If there is an omen, you will know it in your heart if you were meant to know it. Sometimes we just have a little bad luck. I don't think you should read too much into such signs, they can be deceptive.

----------


## Asha Kaeed

well I can't be certain but my advice is you be careful with those signs ! Usually if there is a sign (and this happens rarely) there is no way you miss it. You shouldn't look for them - they are the ones who show themselves to you when they decide you need a guidance of some sort. If you keep looking for signs there is a possibility that you start seeing signs in every single thing you do even if its the most insignificant everyday life action and this may lead to a great confusion.

----------


## crowley666

Visions are just as likely to be false as true. Visions of importanc in objective reality are usually accompanied by a bell chiming or hearing thunder that no one else hears. This is how I tell the difference but could be different for each individual. Basically, know your mind and realize that a part of it is a tricky mischevious little bastard that only wants to play, interfering with any serious work you are undertaking.

----------


## Danhathon

Strange, I was just talking about Deja Vu the other night with my roommate...a subject I hadn't talked about it a long time lol.

Deja Vu is something truly interesting to me. Not to stray away from the topic, but alot of my friends and cronies all experience deja vu. Not the deja vu like "oh man, I feel like I've done this before", but the kind of deja vu where you dream about it and it comes true. Like verbatim, in the illustrated sense at least haha. 

Perhaps I should start a topic to discuss this matter...

----------


## FlailingMind

This is actually similar to my experiences with intuition and certain events. Almost everyday I will start daydreaming or thinking about a certain movie scene or commercial I hadn't seen in a while and later that day the same exact scene I recollected will show itself to me. 

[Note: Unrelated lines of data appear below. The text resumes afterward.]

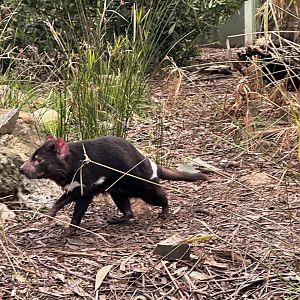 Tasmanian Devil out for a stroll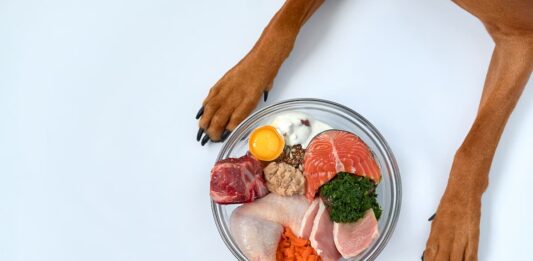 Alimenti nella dieta del cane: la carne e il pesce dieta cane carne pesce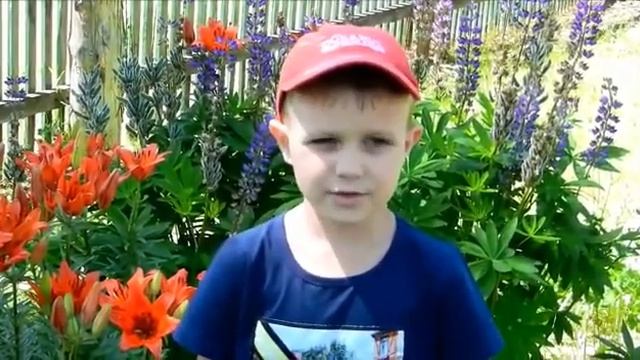 #РусскиеРифмы#Шайдурово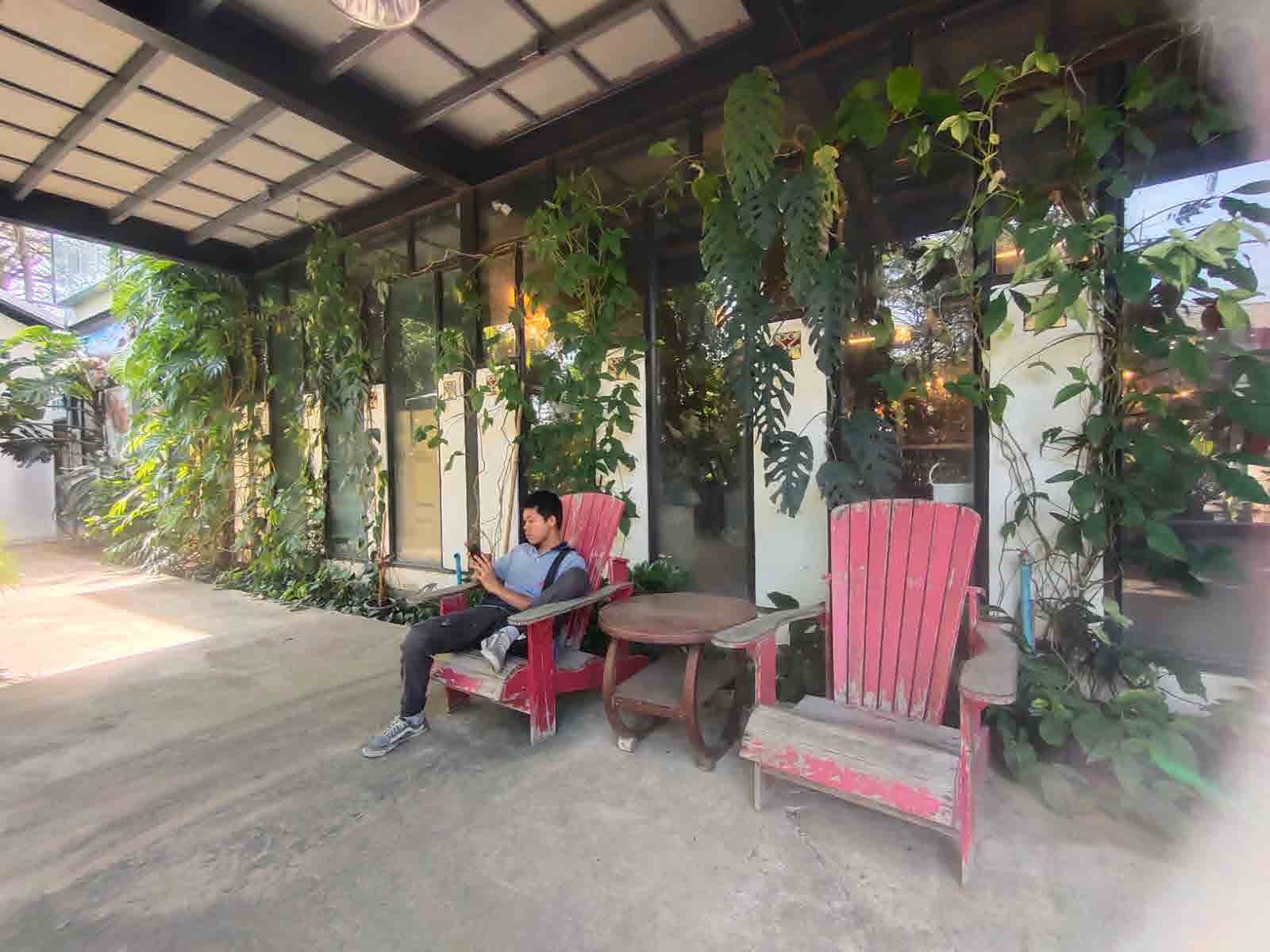 Papaya Studio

Now, in the way it's similar is, if I catch myself daydreaming about a movie scene or whatever and tell myself I will see it later that day because of my past experiences with it doing so, the scene will never show itself to me. However, if I didn't catch myself and consciously reflect on the possibility, it will show itself to me guaranteed. It's a pretty redundant subject as I have posted but I've always wondered about it and this thread made me remember it.

Any ideas?

----------


## NemnochAdore

Don't try to connect dots that aren't there. You can trick yourself into believing anything your mind sets out to believe in. Believe me, I've been there. It is a product of delusion. If you see a road block and your mind says "your not meant to go that way" do it anyways to prove it to yourself that there is nothing blocking your path. No one put that roadblock with your interest in mind and there is no magickal owl sending omens your way. Does it ever happen? Sure, like maybe a few times in a lifetime you get a "gut feeling". But not on a daily basis and definitely not on an hourly basis

----------